開発者がもっと一緒に遊べる道具だと考えることもあるし、
コンピュータのこと自身を考えなくても良いと考えていく。

Q. Apple 製品を分解していたのが印象に残っていたのが、他にも分解したものは?
A. それぞれに工夫はあるが、Appleほど感銘を受けることはない。
 特にカメラには感銘を受ける。一方でデザインのために無理をしている製品はApple意外には無い。
 B&Oなど無理してデザインしている製品はあったが、最近は無い。
 Appleだけがなんで可能なのか、気になるところもあるが、
 Appleはソフトウェアに頼っているのか、メカニカルデザインは
 ソフトウェアを実現するためにだけしか使っていない。

Q. Macのコンセプトモデルを作った時の思い。
A. 90年代にAppleと仕事をしたことがあって、Jobsが帰ってくる直前。
MacOS のアピアランスマネージャを作っていて、
実は大胆に変える計画があって、リリース計画があったが。。

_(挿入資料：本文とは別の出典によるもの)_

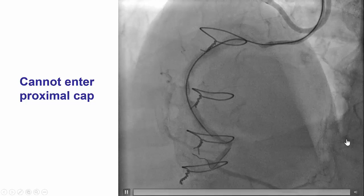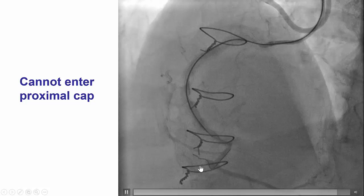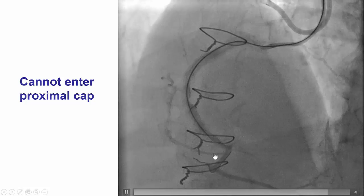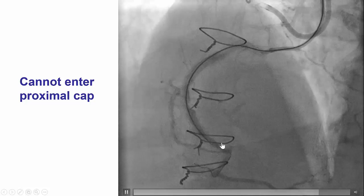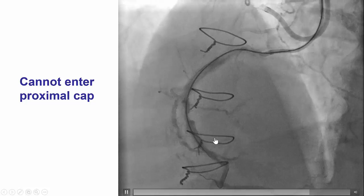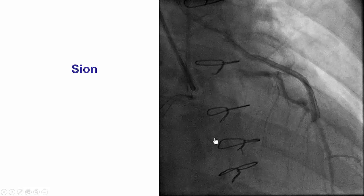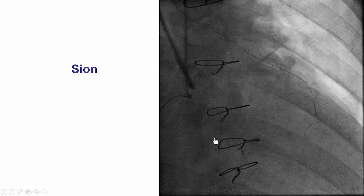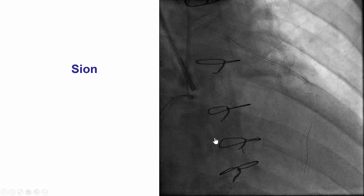After doing that, we inserted the wire into the PDA going antegrade into the vein graft stump, and then attempted to cross antegrade using multiple wires through a Corsair Pro microcatheter. Unfortunately, this failed and we could not penetrate into the occlusion. Therefore, we changed to the retrograde approach.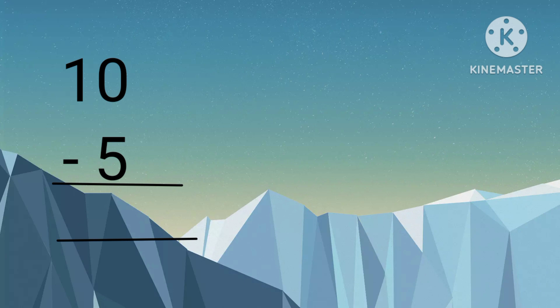Now let's do more. Ten minus five. The answer is five.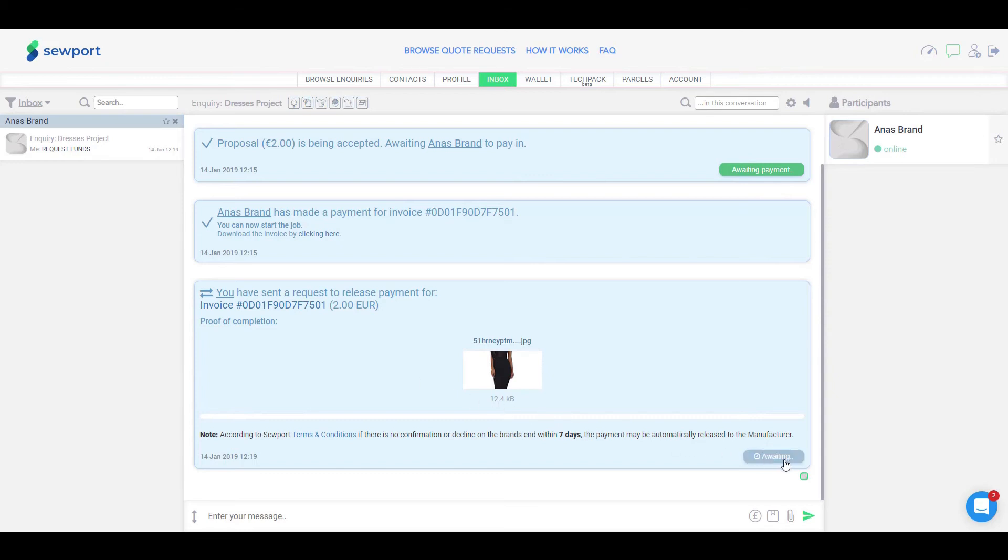Once the brand accepts the release of funds, the status will turn green and change to Funds Released, instructing SOAPWord to process the remaining amount to your withdrawal account.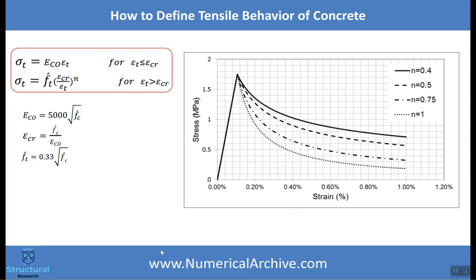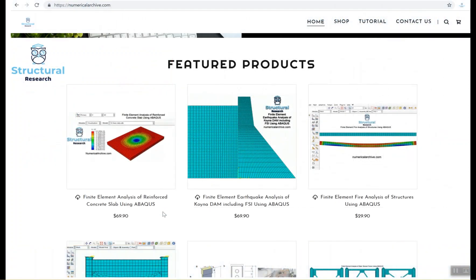These are the other parameters you should use for the main relationship. Now you have accurate tensile behavior of concrete. You can visit our website to find some Abacus models produced using this method. Find the link below and good luck.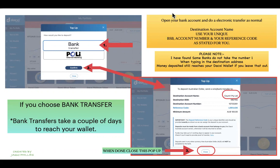The pop-up will give you the account name, the BSB destination, the account number, and a unique reference code. The minimum deposit for Daxy is $100, but we'll be putting in $450 so that's fine. Open up your bank account and enter all those details to complete the electronic transfer.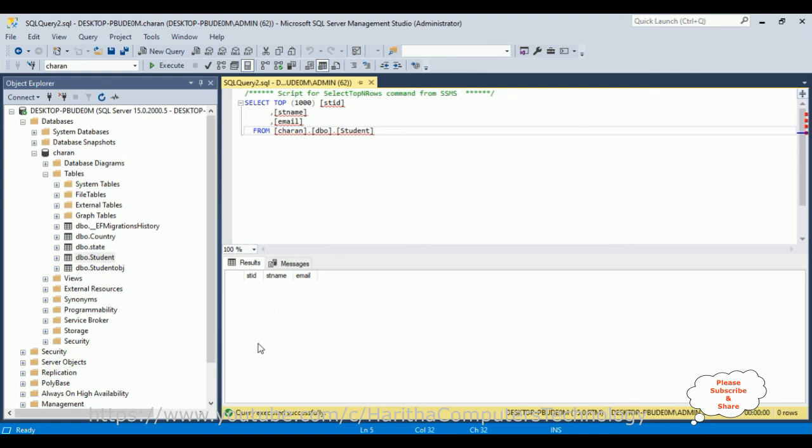That's it! In my next tutorial, I will explain how to insert records in an ASP.NET Core Blazor app with Razor components.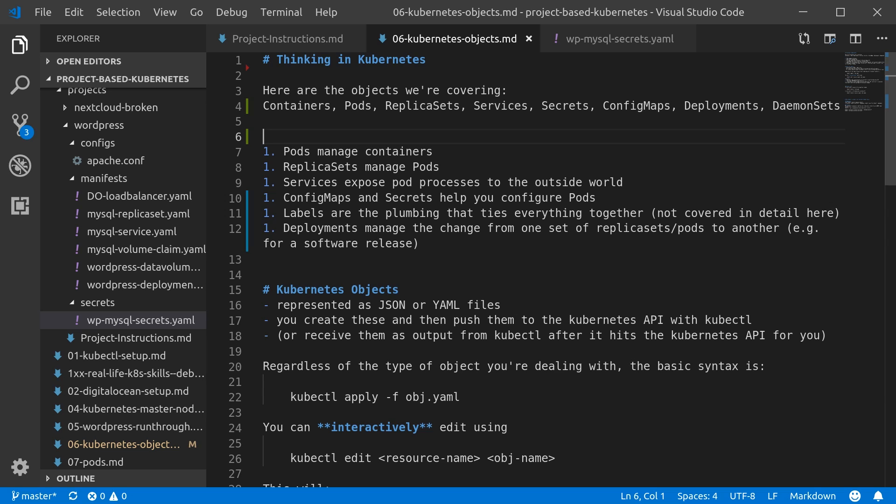What's going on everyone. In this video we're going to take a look at the Kubernetes objects that we are going to be diving deeper into over the next few videos—the things that actually make up our running WordPress deployment.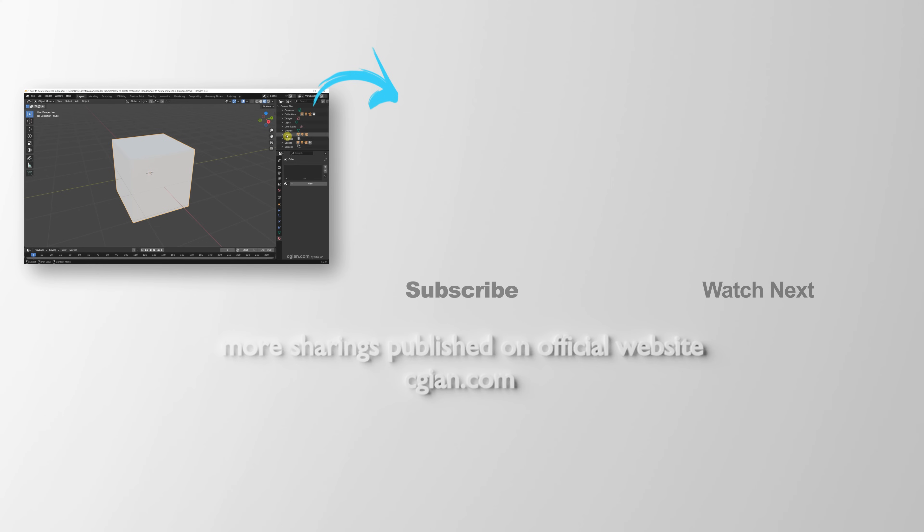Thank you for watching this video. Hope this helped. Please subscribe to this channel. More videos will be shared with you. I'm CG Ian. See you in the next video.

。
アメリカ2チーム、日本1チームからの提案があった。
とだツトム、宮崎みつひろ、多摩美のすながさん、5人で議論しながら作った画面。
採用が決まっていた。Jobsもカンファレンスで発表していたことがあったが、
Drawing Board 手書き風の画面。
 http://lleedd.com/blog/2009/06/14/drawingboard/

あらゆるパーツが手で書いた風で、スケッチが画面で動いているように
βバージョンが出回っていて、使ったことがある人があるかもしれない。
それを作った時に感銘を受けた。
何に感銘を受けたかというと、一つ一つの部品を全部作ったが、
そのテンプレートの見事さに感動した。
Appleから、パーツを埋める画像ファイルのテンプレートがあった、
どういうことに使われ、どういう風に表示されるのか、
そのツールに感動した。
アップルの伝統、彼ら自身が開発環境を作ることを喜んでいる。
市販のソフトウエアが可変されて、アップルの使いやすいツールになっているものを使う。
今は iOS の開発環境を知っているが、
開発環境を気持ちのよいものを作るというのがその時から分かっていた。